I never thought I would do this, but for the first time in my life, I purchased two Handjobs for five bucks. Was it really a good deal or just too good to be true? Well lets find out…
The parodic infomercial-style advertisement for the Handjob has to be one of the most ridiculous, tasteless, and above all, ingeniously pun-tastic infomercials I have ever seen. Somebody seriously needs to call the police on Uncle Greg. I stumbled upon it after browsing through one of my favorite gadget blogs, Gizmodo. I’ve seen plenty of parodies like these from time to time, but never one as shamefully clever as this one. Nearly every single line in this commercial is a pun of an actual handjob and they’re dished out as if the term never existed. The corny 80′s style music, exaggerated acting, smooth transitions, and genuine-sounding spokesperson all seal the deal for a perfect looking commercial. At the end, they insist that you visit ineedahandjob.com to order. Most parodies that include a website usually do it for added humor. They make it appear that you can order the product but you can’t because it’s not real. Whether the Handjob was real or not, I wanted to see how far this would go. And with five bucks to spare, what did I have to lose? I ordered my Handjobs and recieved this email a few days later:
Dearest Handjob Consumers,
Thank you so much for your orders! Due to many recent inquiries, we would like to take this opportunity to assure you that yes, this is a real product. And yes, you will be receiving your very own genuine Handjobs shortly.
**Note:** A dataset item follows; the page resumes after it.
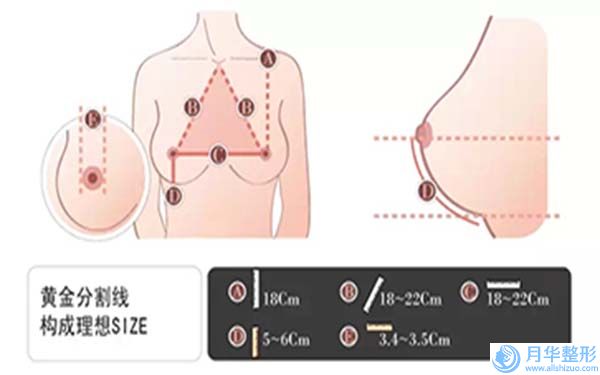 晋中整容丰额后该如何护理和保养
We were taken by surprise at the overwhelming response and the number of orders we’ve received thus far, and we are working very hard to try to get all of your orders to you by Christmas time. Please note that we can make no guarantees, but we will be working around the clock between now and then in an effort to satisfy your wants and desires.
We take Handjobs very seriously, and we truly do appreciate each and every one of you for supporting us. And look forward to many new and exciting developments on the HJ front! Thank you again, and we look forward to hearing about all the pleasure your heartwarming Handjobs provide this season!
Cheers,
Lisa Q.
Handjob! Customer Service
Wow, they continue to dish out puns in their customer service emails too. After a long time of waiting, I finally receive my Handjobs. To my surprise, they actually look… good. I expected some small, cheap, foamy material but it’s actually top-grade rubber. To see if they really worked as advertised, I tested them out on a jar of pickles that haven’t been opened in a while. It… worked, better than a towel or the end of your shirt I might add. After keeping them laying around on my desk, I found that they make pretty sick coasters and reduce the chance of my drink spilling over. For five bucks, they’re not bad at all. In the end, no matter how genuine something like this, it’s all done just for laughs. I don’t need them at all. I could just give them away, but for the sake of avoiding reactions from dirty minds, I’m pretty sure I won’t be giving anyone a Handjob.
Pros:
- It actually works as advertised.
- Reasonably priced.
Cons:
- Requires an open sense of humor.
- Humiliation from dirty minds.
- Ironically won’t help when used for real handjobs.